=== Begin Enclosure ===

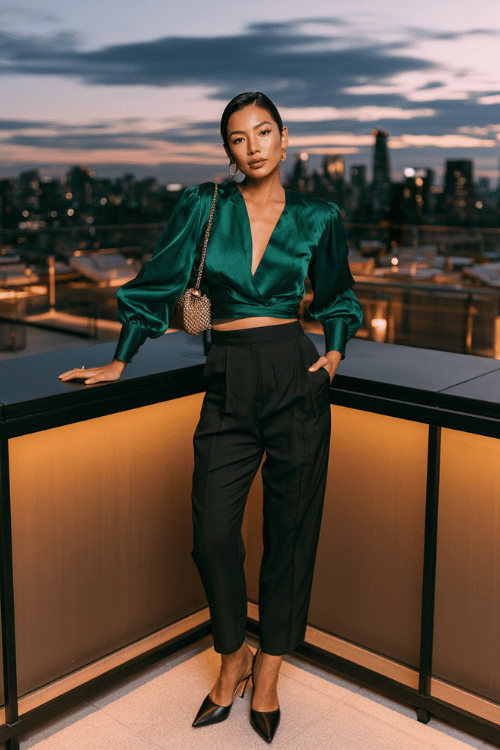 a woman dressed in a deep emerald green satin blouse tucked into high-waisted black tailored trousers, black mule heels, and a small gold chain bag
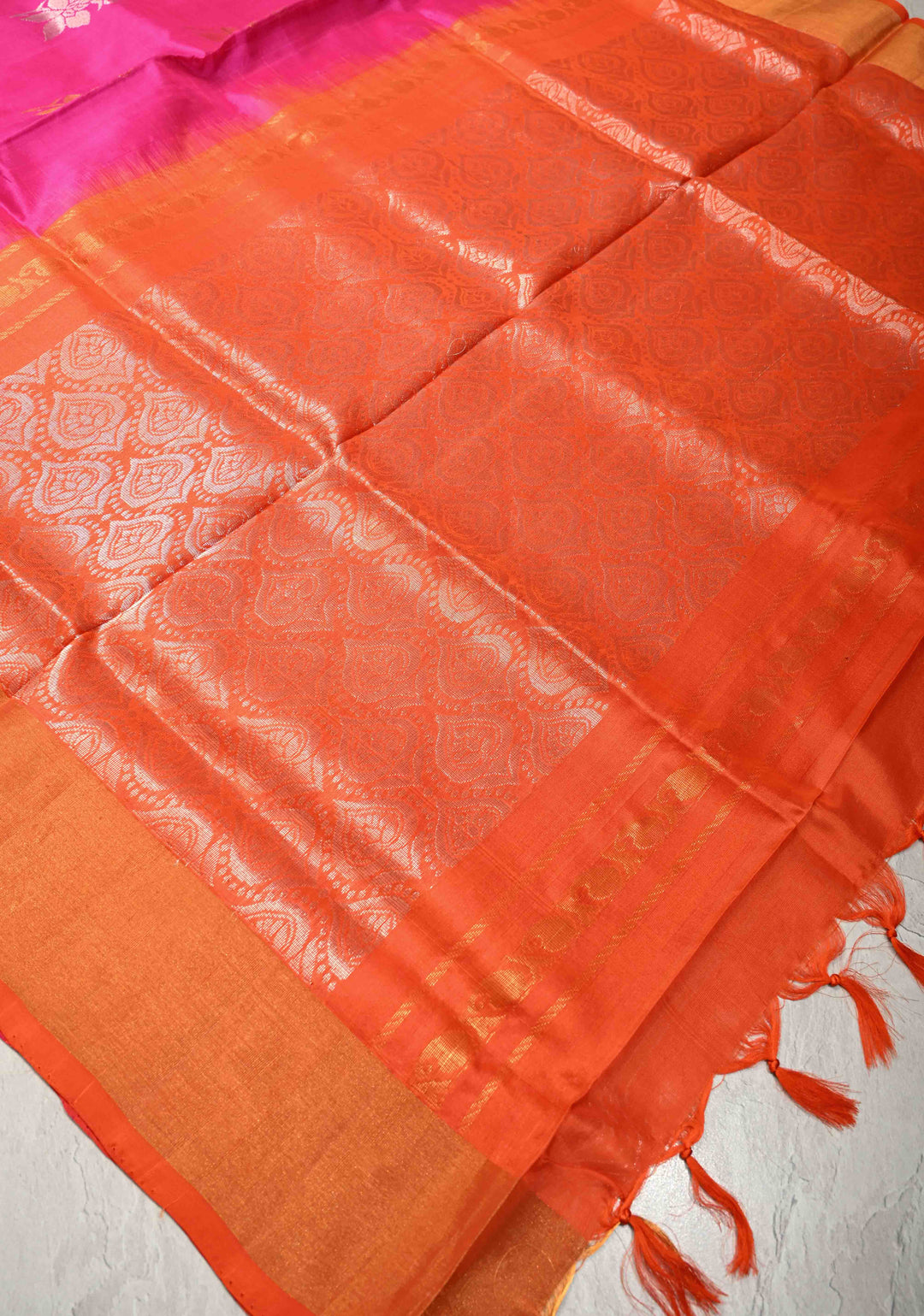 Rani Pink Sona Rupa Zari Buttas on Uppada Handloom Silk Saree with Panel and Tissue Border | SILK MARK CERTIFIED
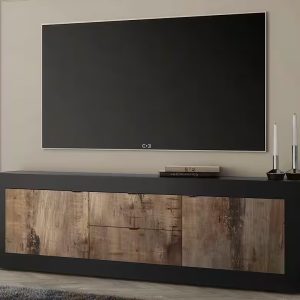 Basic TV-állvány, 2 ajtóval és 2 fiókkal, 210x43x66 cm, fekete matt / pero kivitelben (54304419)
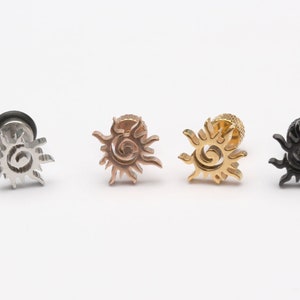 16g sun stud earrings sun jewelry sun stud piercing  small sun cartilage earring sun helix earring sun swirl earring ,sun earring for men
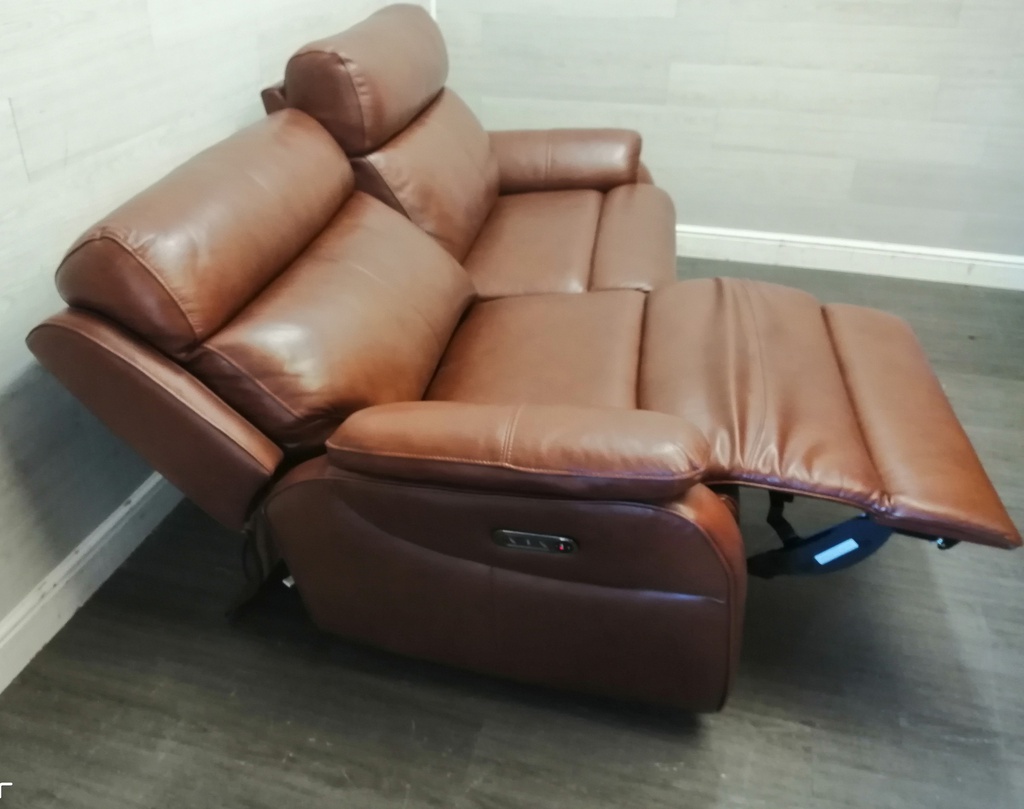 Chesnut Brown Leather Electric Recliner Two Seater Sofa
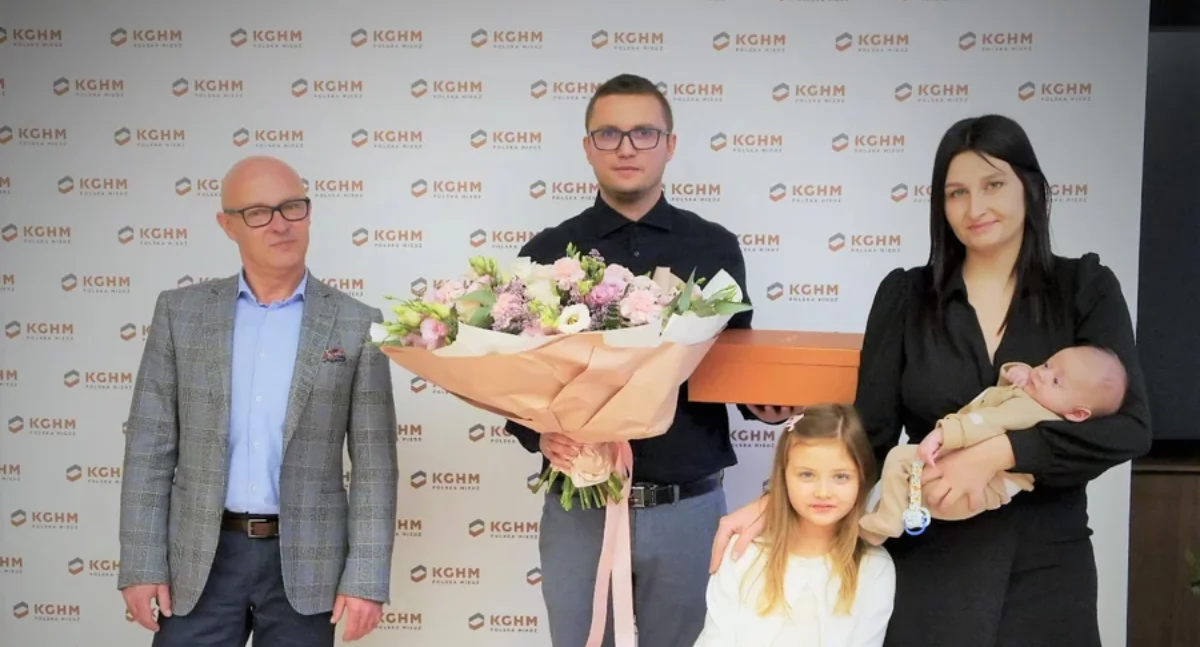 Zdjęcie: Marcin Wyka z rodziną  Fot.: KGHM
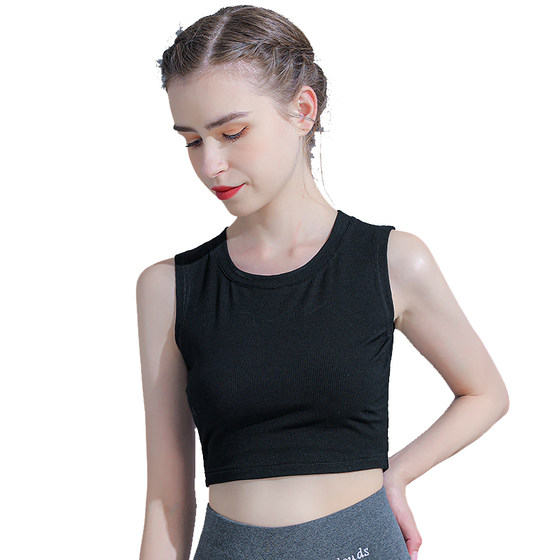 Black short round neck vest suspenders women's modal inner and outer wear bottoming top high waist anti-skid wrap chest autumn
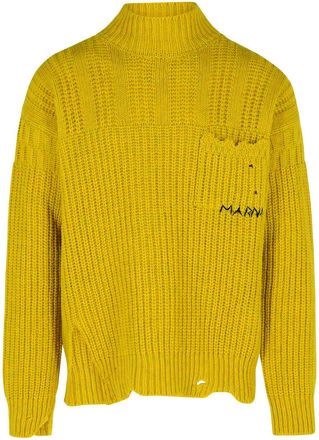 Marni Mustard Virgin Wool Turtleneck Sweater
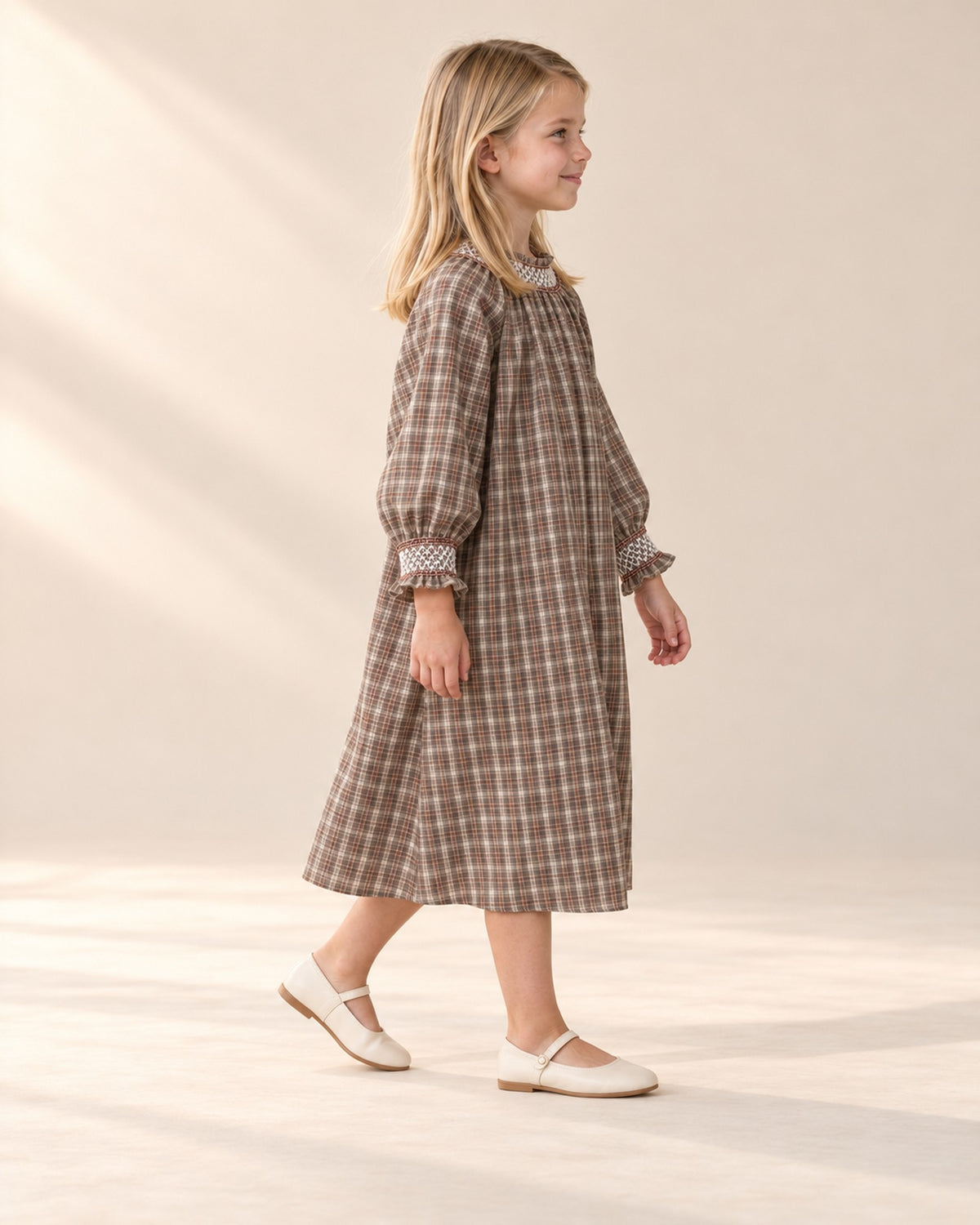 Marigold Check Smock Dress in Taupe Check – side view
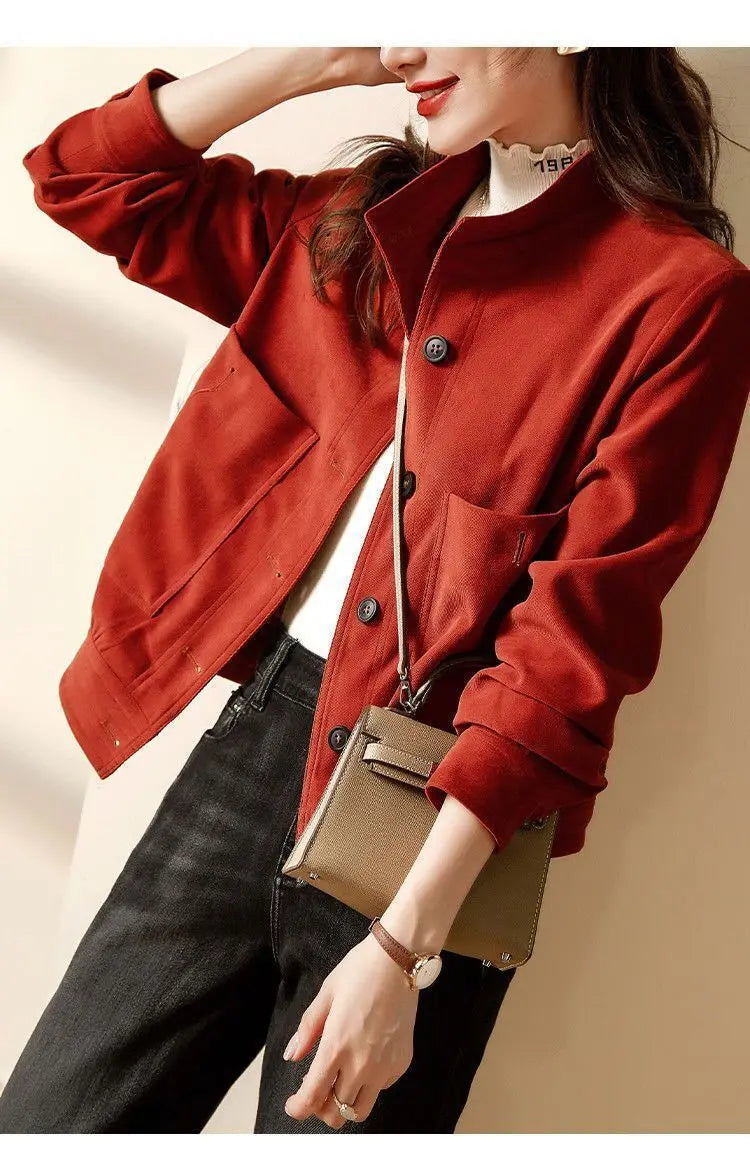 Chaqueta Corta de Motocicta para Mujer, de Alta Gama, Antienvejecimiento, Talla ande, Artística, Versátil, Moderna, para...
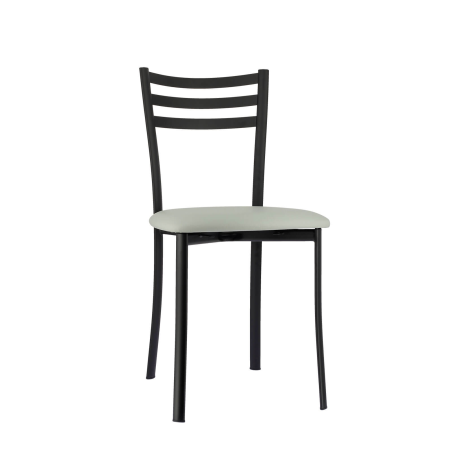 Chaise de cuisine en métal noir assise gris clair - Ace 1320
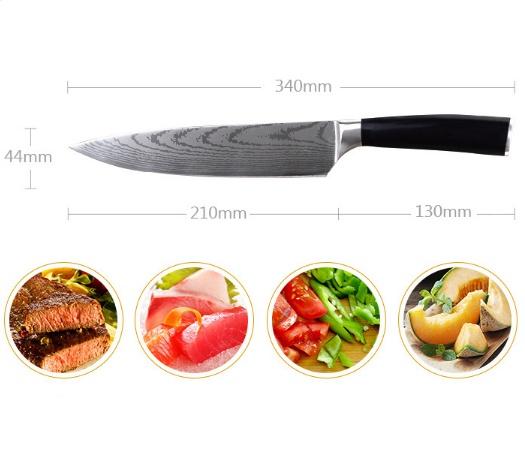 8Inch Multi-Function Laser Veins Blade Kitchen Knife Slicing Knife Western Chef Sashimi Chef Knife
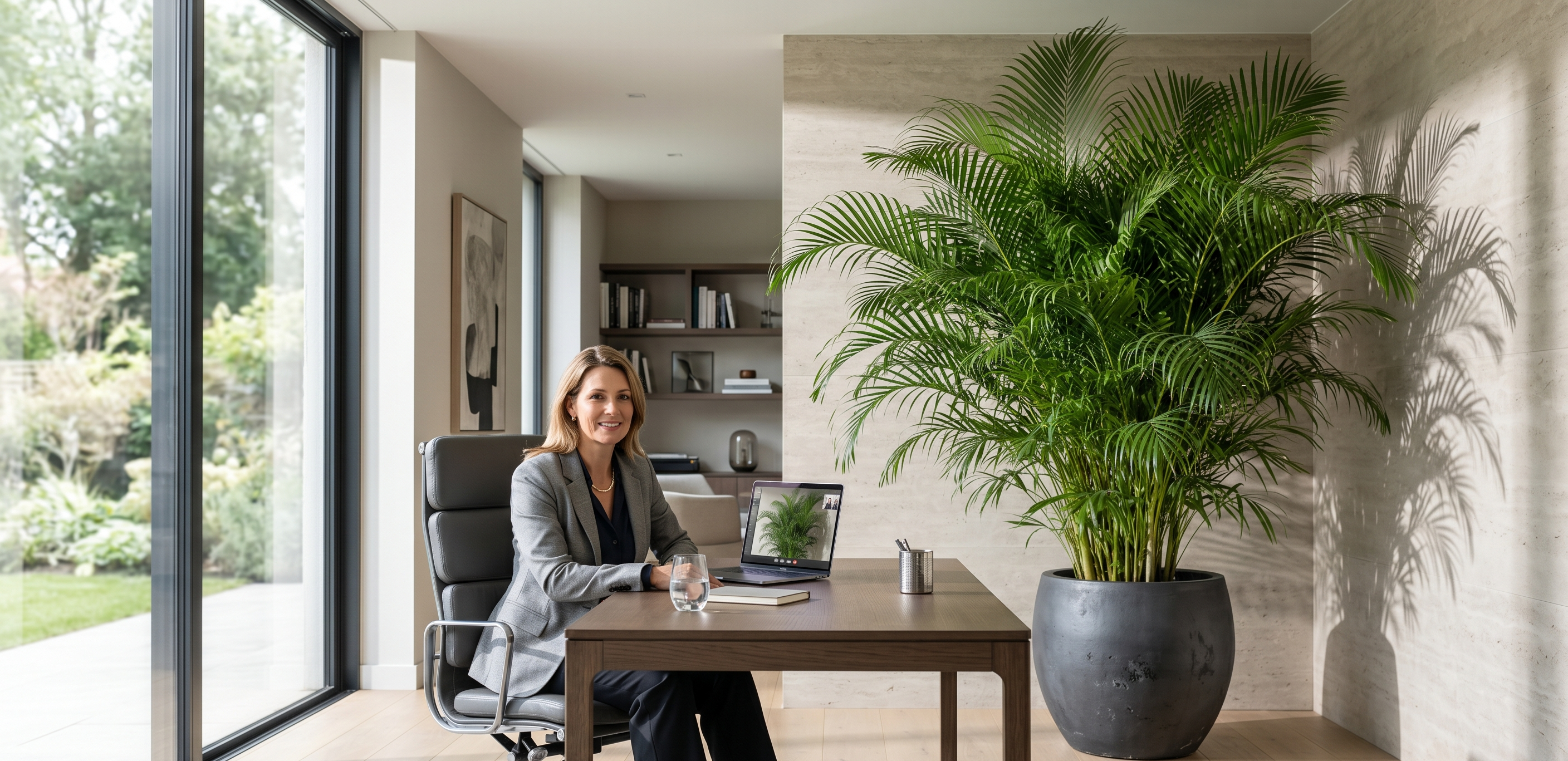 Lüks home-office çalışma alanında video konferans için prestijli arka plan oluşturan dev Areka Palmiyesi dekorasyonu.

=== End Enclosure ===

TASK DIRECTIONS: Would you restate the listing word for word and leave every picture out?

OUTPUT BELOW:
 a woman dressed in a deep emerald green satin blouse tucked into high-waisted black tailored trousers, black mule heels, and a small gold chain bag
 Rani Pink Sona Rupa Zari Buttas on Uppada Handloom Silk Saree with Panel and Tissue Border | SILK MARK CERTIFIED
 Basic TV-állvány, 2 ajtóval és 2 fiókkal, 210x43x66 cm, fekete matt / pero kivitelben (54304419)
 16g sun stud earrings sun jewelry sun stud piercing  small sun cartilage earring sun helix earring sun swirl earring ,sun earring for men
 Chesnut Brown Leather Electric Recliner Two Seater Sofa
 Zdjęcie: Marcin Wyka z rodziną  Fot.: KGHM
 Black short round neck vest suspenders women's modal inner and outer wear bottoming top high waist anti-skid wrap chest autumn
 Marni Mustard Virgin Wool Turtleneck Sweater
 Marigold Check Smock Dress in Taupe Check – side view
 Chaqueta Corta de Motocicta para Mujer, de Alta Gama, Antienvejecimiento, Talla ande, Artística, Versátil, Moderna, para...
 Chaise de cuisine en métal noir assise gris clair - Ace 1320
 8Inch Multi-Function Laser Veins Blade Kitchen Knife Slicing Knife Western Chef Sashimi Chef Knife
 Lüks home-office çalışma alanında video konferans için prestijli arka plan oluşturan dev Areka Palmiyesi dekorasyonu.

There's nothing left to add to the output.